African American Schools in Paducah and McCracken County, KY

One of the early colored schools supported by the U.S. Bureau of Refugees, Freedmen, and Abandoned Lands was Runkle Institute, located in Paducah, KY; it was established between 1866 and 1870 [see NKAA entry Freemen Schools]. The act to establish public schools for African American children in McCracken County was approved by the Kentucky General Assembly in 1873. An annual tax was instituted to support the schools: 20 cents on each $100 of property owned by persons of color as well as a poll tax or per capita tax of $1 for each Colored male resident over the age of 18.

In 1880, the colored teachers were Charles Brooks, William Clark, Matilda Fletcher, Columbus Holland, James Owens, George Owens, and Samuel Reed [source: U.S. Federal Census]. In 1893, there were 13 colored school districts with 13 school houses in McCracken County: six log buildings, one frame building, and six brick buildings [source: History of Education in McCracken County, Kentucky, by Francis M. Irwin, pp. 63-66]. There were 13 teachers, seven males and six females, who taught an average of 340 students each day during the eight-month school term.

In 1925, Lincoln High School in Paducah was a Class 1A school with Mrs. M. R. Phillips as principal [source: Kentucky Public School Directory, 1925-1926, p. 40]. The high school had six teachers and an enrollment of 127 students. There were nine elementary schools with nine teachers in the county school system meant to serve 1,741 students; in Paducah, there were 18 elementary teachers and seven teachers at Lincoln High School, all meant to serve 1,166 students [pp. 68-69]. 

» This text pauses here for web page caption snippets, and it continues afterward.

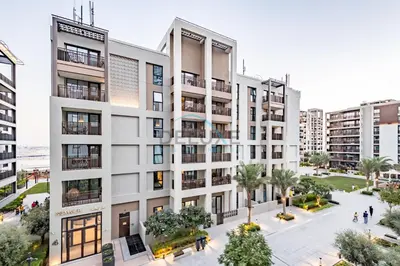 an aerial view of an apartment building with a courtyard at Bright 2BR in Surf at Creek Beach Building 1, Creek Harbour by Deluxe Holiday Homes in Dubai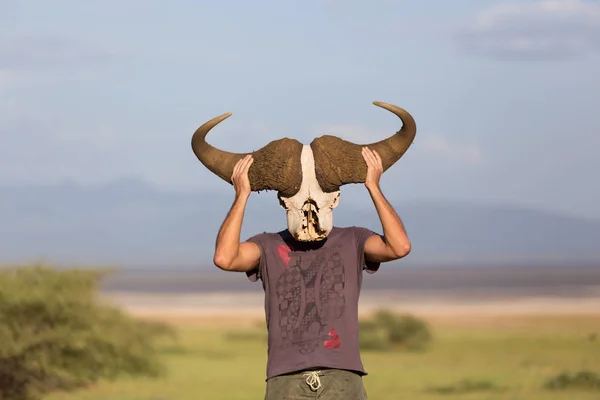 Muž, který držel velký africký buvol lebka nosit jako maska v přírodě na safari v africké divočině. — Stock fotografie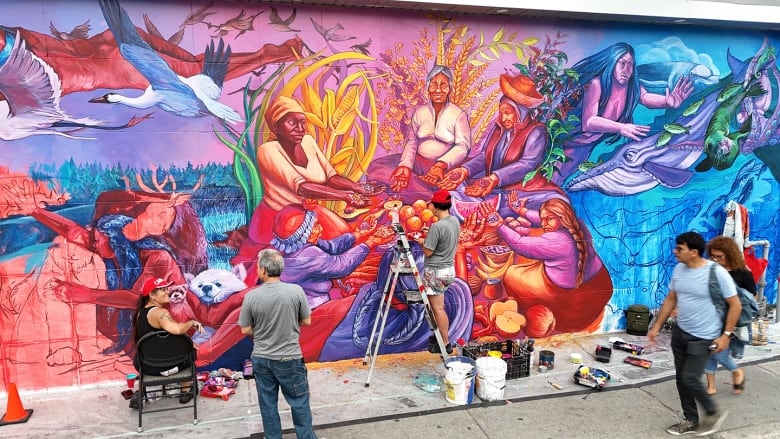 On the far left, a woman wearing a red cap sits on a black chair. She's working on a mural, but has turned around to talk with a passerby standing to her right in a grey shirt. In the middle another woman works away at the same mural on top of a ladder. Two people walk by, observing the mural on the right. 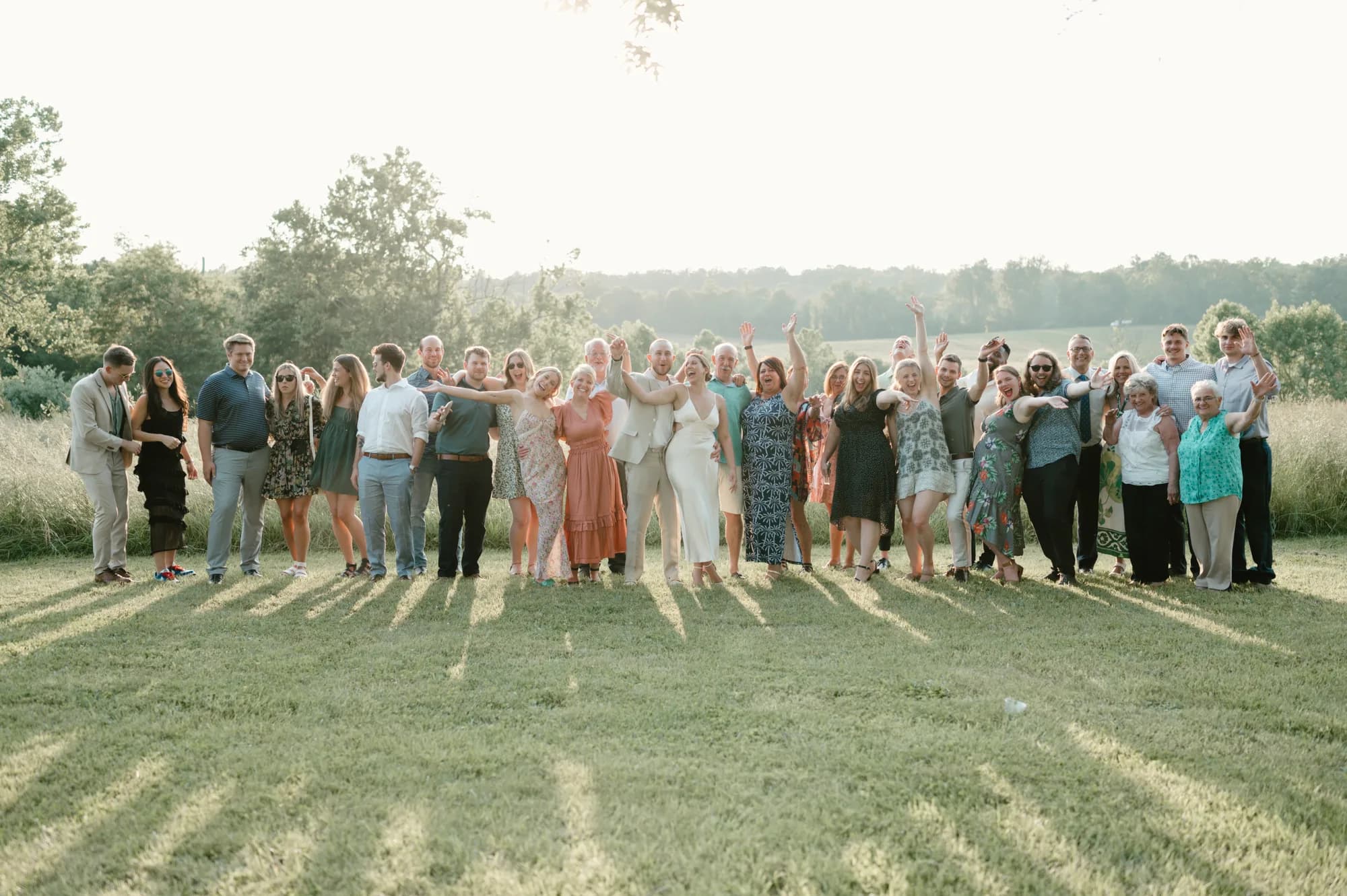 Large wedding party celebrates on Rixey Manor lawn at golden hour with rolling Virginia countryside behind them.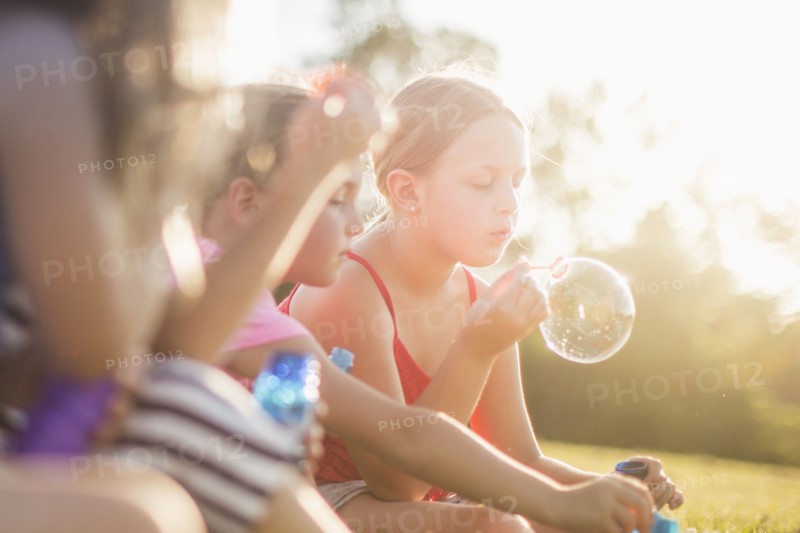 Girls blowing bubbles in grass field
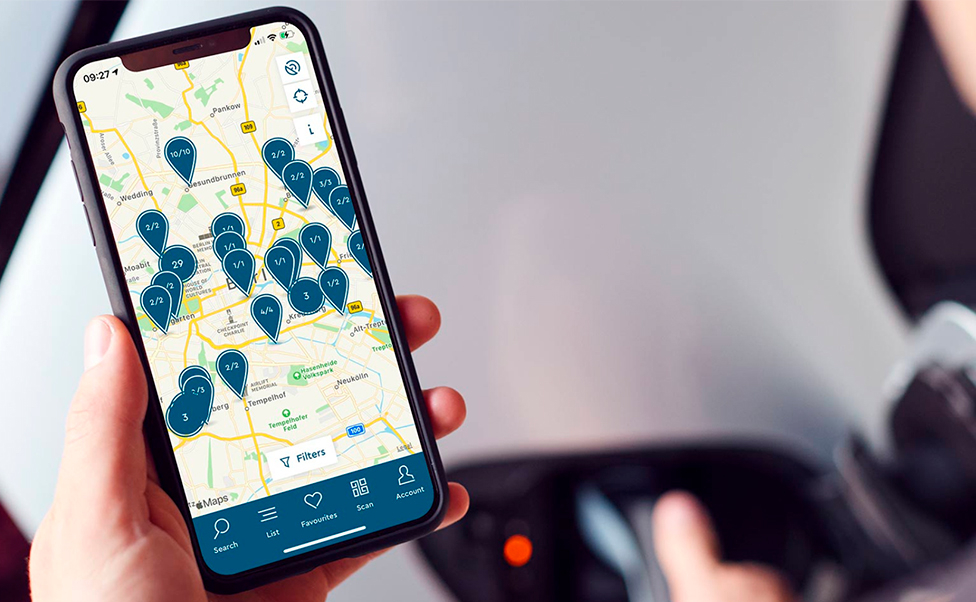 Mann schaut auf Smartphone auf dem eine digitale Karte zur Verfügbarkeit von E-Lade Stationen offen ist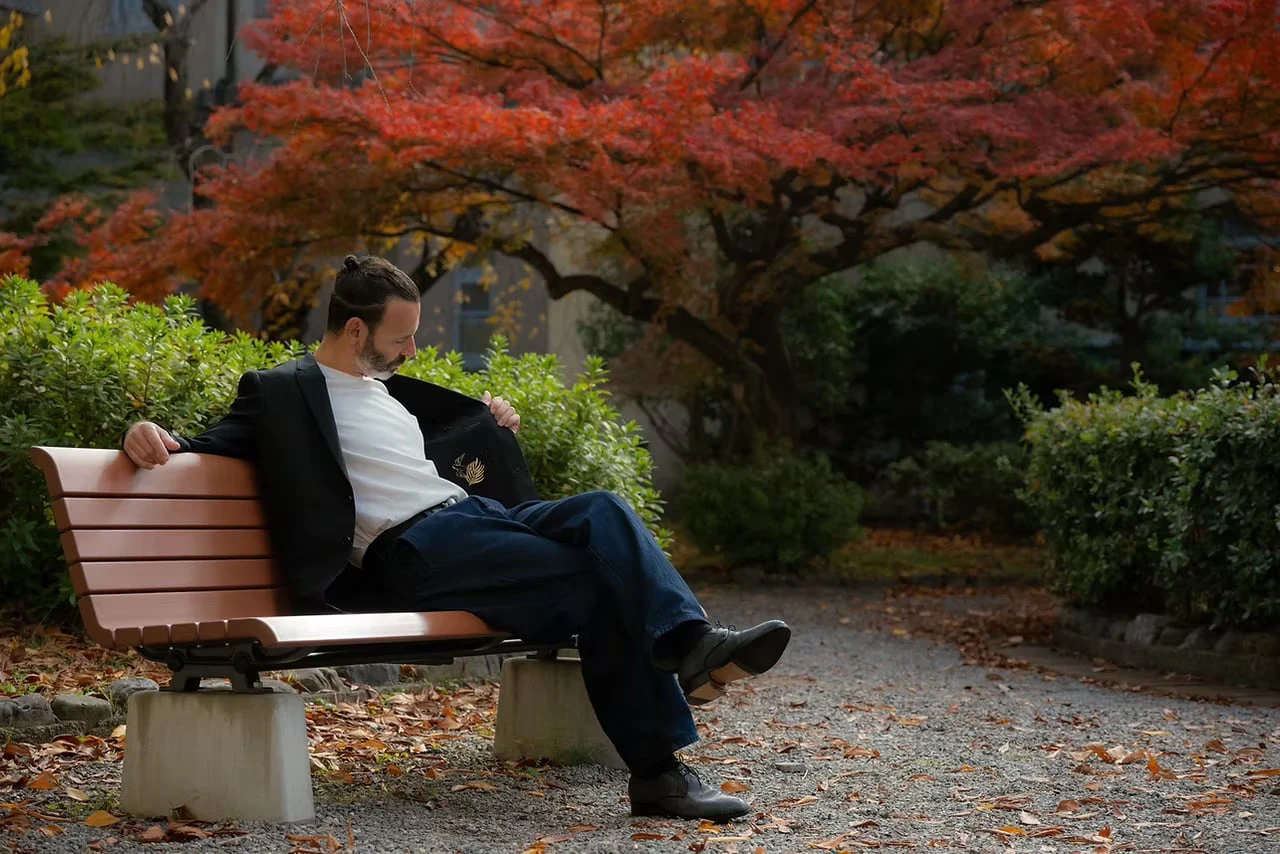 A man seated on a bench beneath a red-leaved maple, glancing into the lining of his black jacket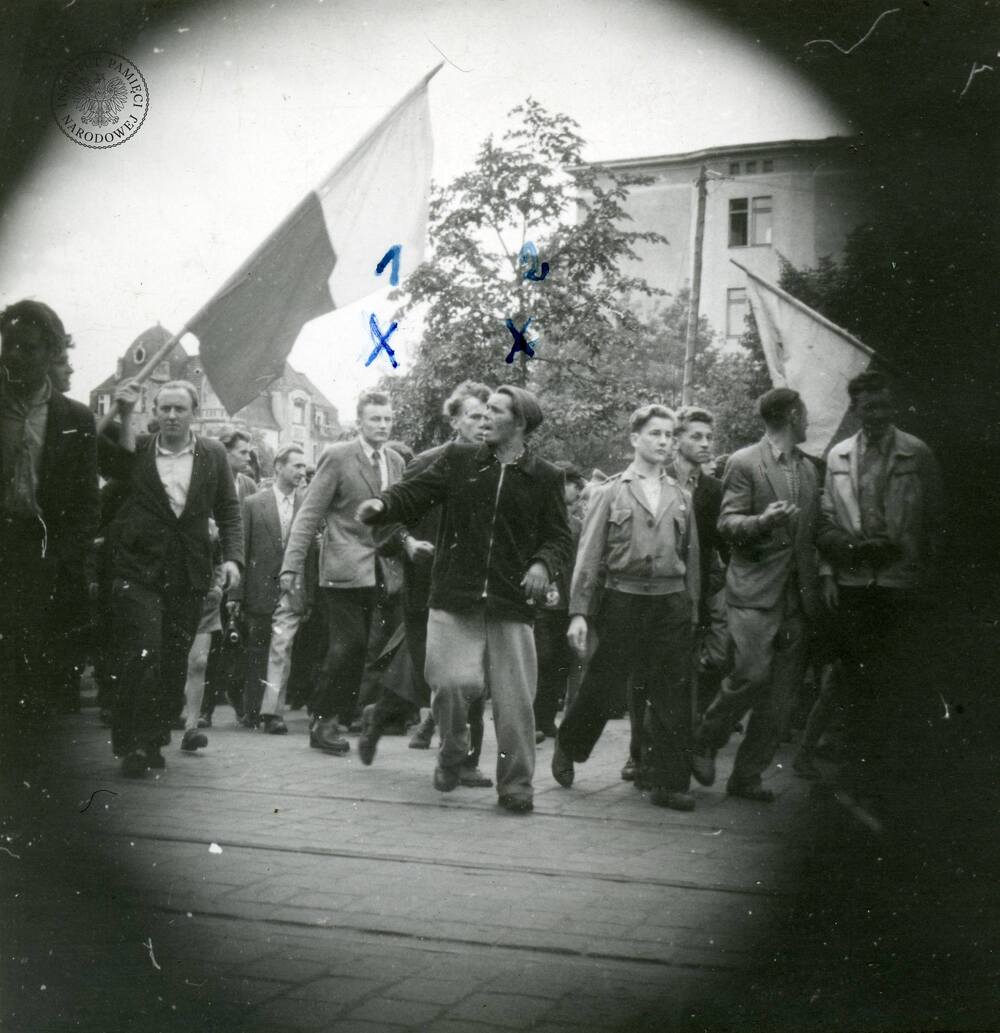 Pochód demonstrantów z biało-czerwonymi flagami prawdopodobnie na ul. J.H. Dąbrowskiego. Zdjęcie wykonane potajemnie z modelu fotograficznego - rogi zdjęcia zaciemnione. Poznań, 28 VI 1956 r. (fot. z zasobu IPN)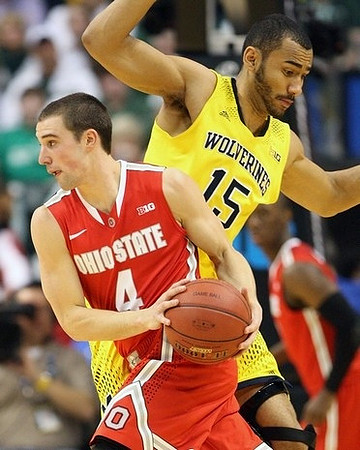 Derrick Walton Jr. (10) and Caris LeVert (23)
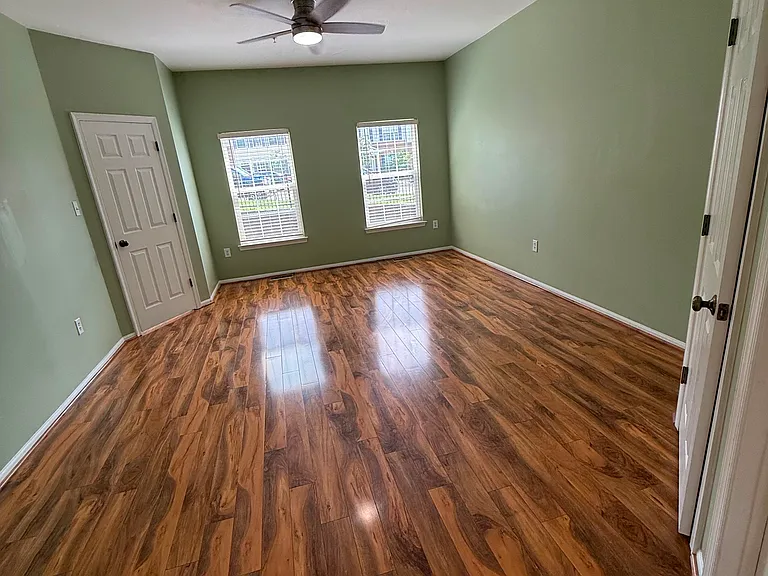 The spacious primary bathroom features a dual-sink vanity with ample counter space, generous storage, and a private tub and shower area_designed for both comfort and convenience.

Sixteen years earlier, in 1909, Dennis Anderson began building West Kentucky Industrial College. The school offered secondary education (high school) and junior college for the training of teachers. In 1928, the school had 11 faculty members with the following annual salaries: D. H. Anderson, President, $3,000; H. S. Osborne, Dean, $2,000; W. W. Maddox, $1,233; Mrs. M. J. Egester, $1,080; J. A. Walker, $1,110.78; Mrs. A. H. Anderson, $1,008; Mrs. M. V. McGill, $900; R. W. Daevson, Manual Training, $1,008; Mrs. S. E. Poston, Domestic Science, $810 (second wife of Ephraim Poston); Miss M. A. Robison, Matron and Teacher, $540; and Mrs. B. A. Dawson, $945 [source: History of Education in McCracken County, Kentucky, by Francis M. Irwin, pp. 110-112].

West Kentucky Industrial College had an average attendance of 343 students. It offered extra-curricular activities such as football, tennis, croquet, basketball, and volleyball.

Lincoln High School opened in 1908, and in 1926, there were four teachers, all graduates of a four-year college [source: History of Education in McCracken County, Kentucky]. In 1916, Paducah Public High School (Lincoln) was listed in the Bureau of Education Bulletin on Negro Education. J. B. F. Prather was principal of the four-year high school and the eight elementary grades that were also within the school. There were 39 students in the high school taught by four teachers. There had been a public high school for African Americans in Paducah since the 1890s.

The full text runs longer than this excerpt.